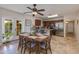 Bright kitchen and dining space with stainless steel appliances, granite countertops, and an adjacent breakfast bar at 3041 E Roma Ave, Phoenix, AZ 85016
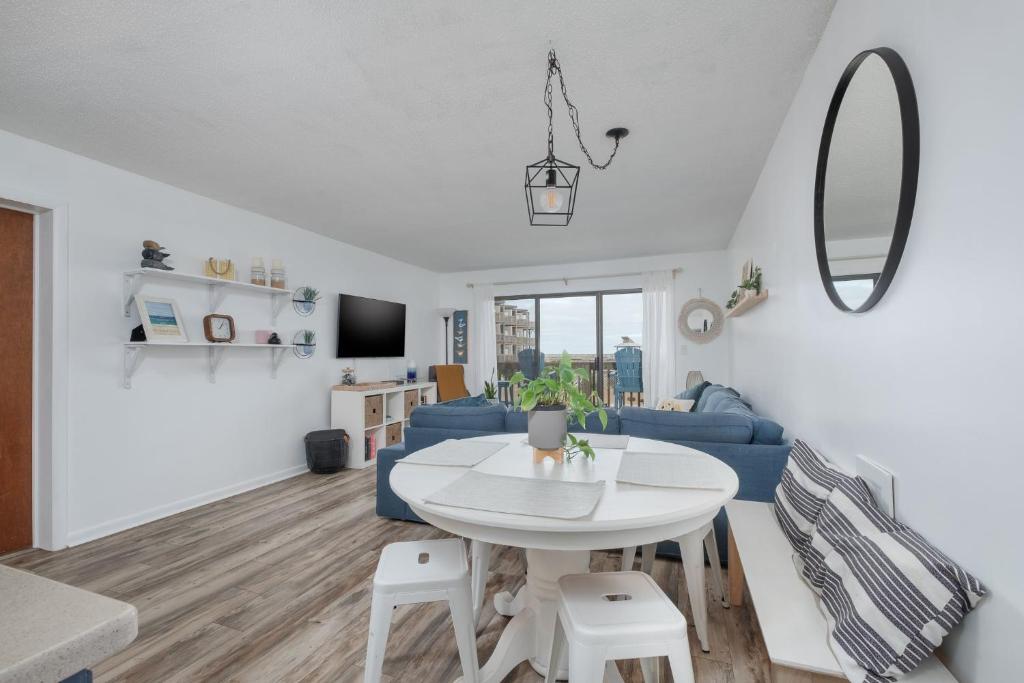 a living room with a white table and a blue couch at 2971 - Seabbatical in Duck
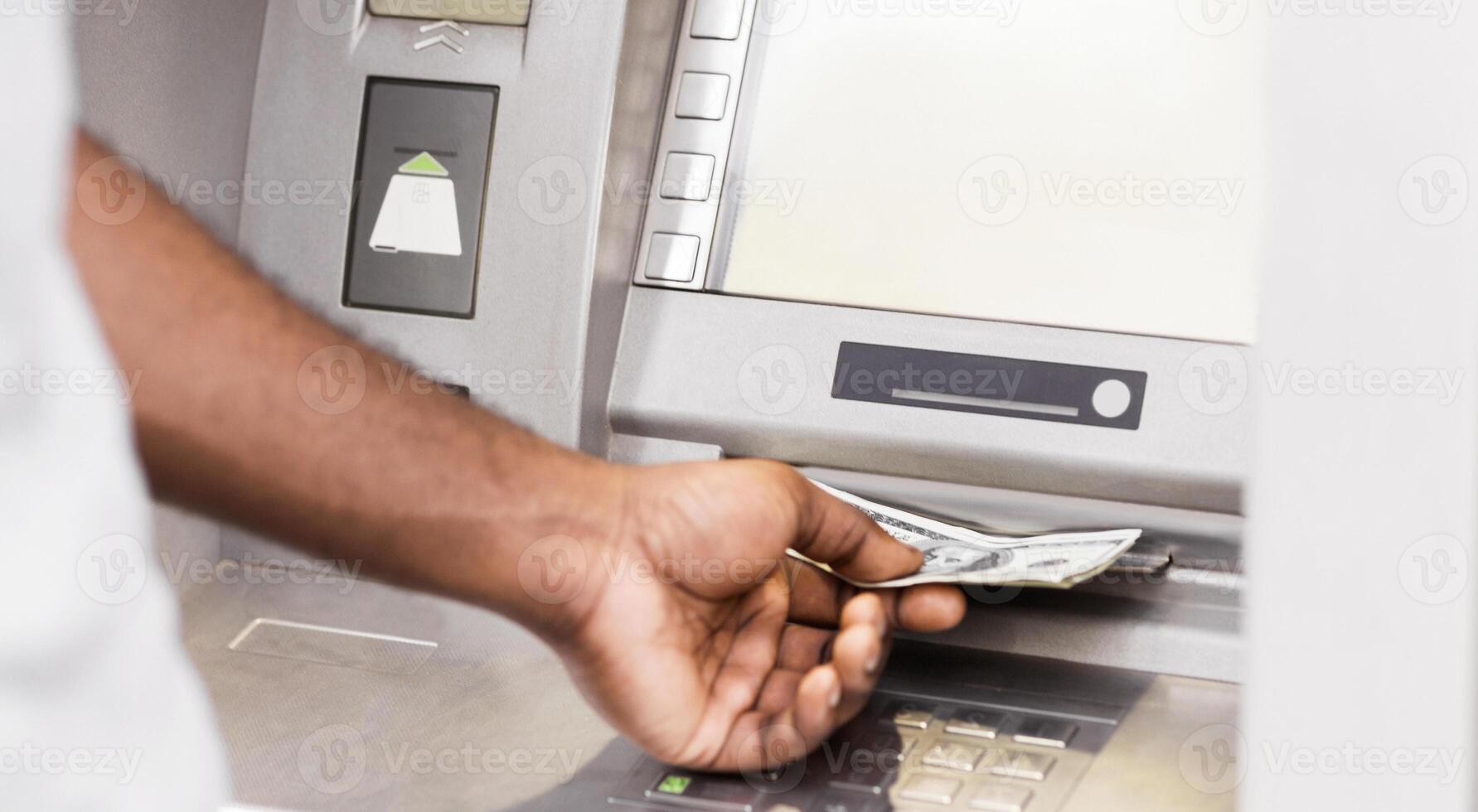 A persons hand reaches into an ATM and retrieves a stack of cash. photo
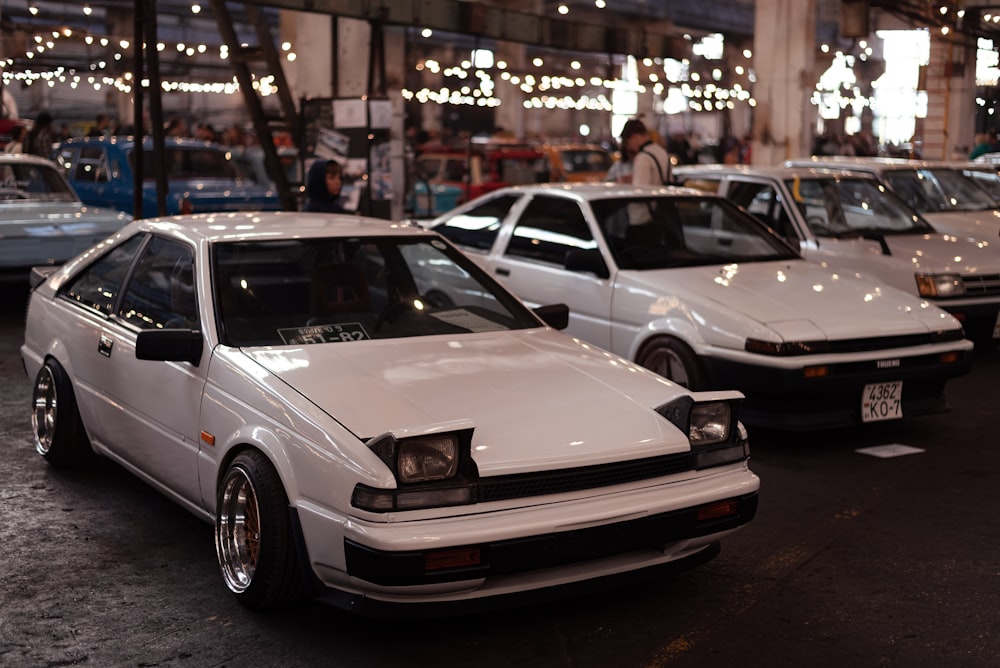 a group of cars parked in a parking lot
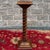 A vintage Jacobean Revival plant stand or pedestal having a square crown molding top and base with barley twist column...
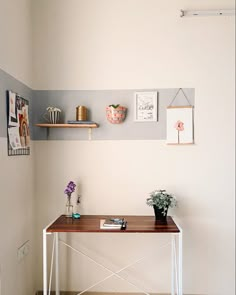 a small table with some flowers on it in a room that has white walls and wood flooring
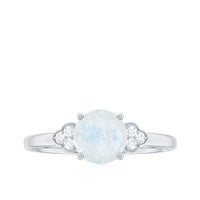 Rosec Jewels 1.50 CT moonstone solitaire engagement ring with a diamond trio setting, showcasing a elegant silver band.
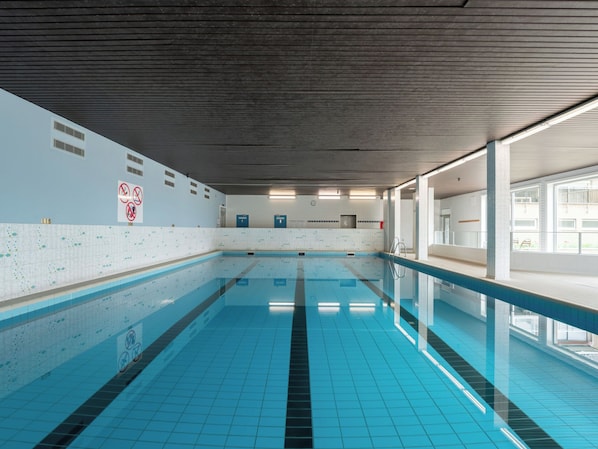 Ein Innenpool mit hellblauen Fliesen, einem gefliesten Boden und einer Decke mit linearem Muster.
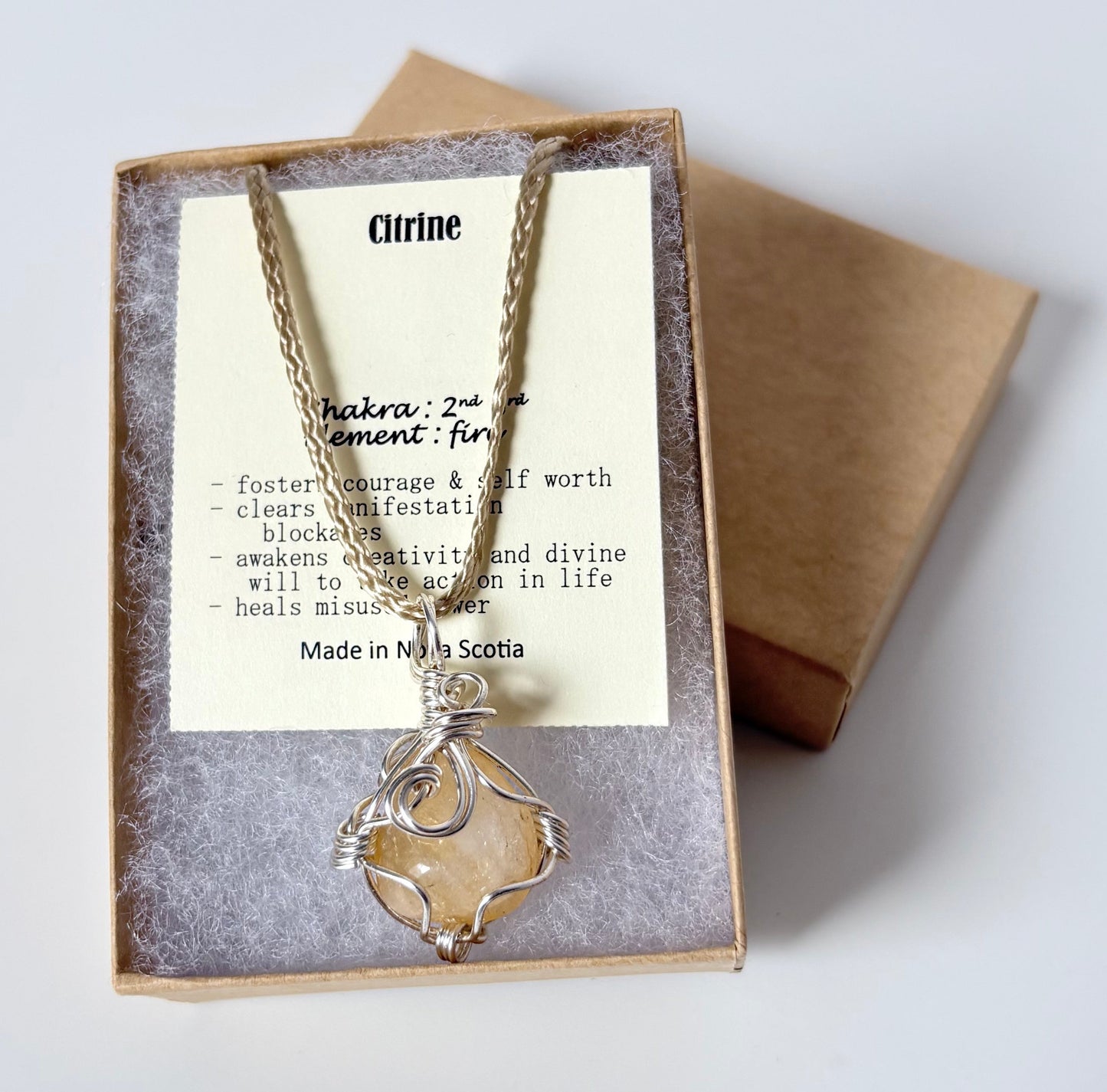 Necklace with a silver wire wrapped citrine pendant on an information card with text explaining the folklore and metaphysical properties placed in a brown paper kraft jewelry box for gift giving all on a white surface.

******

Give every line of the records above again, exactly, and omit the pictures.

§ TASK SOLUTION:
 Bright kitchen and dining space with stainless steel appliances, granite countertops, and an adjacent breakfast bar at 3041 E Roma Ave, Phoenix, AZ 85016
 a living room with a white table and a blue couch at 2971 - Seabbatical in Duck
 A persons hand reaches into an ATM and retrieves a stack of cash. photo
 a group of cars parked in a parking lot
 A vintage Jacobean Revival plant stand or pedestal having a square crown molding top and base with barley twist column...
 a small table with some flowers on it in a room that has white walls and wood flooring
 Rosec Jewels 1.50 CT moonstone solitaire engagement ring with a diamond trio setting, showcasing a elegant silver band.
 Ein Innenpool mit hellblauen Fliesen, einem gefliesten Boden und einer Decke mit linearem Muster.
 Necklace with a silver wire wrapped citrine pendant on an information card with text explaining the folklore and metaphysical properties placed in a brown paper kraft jewelry box for gift giving all on a white surface.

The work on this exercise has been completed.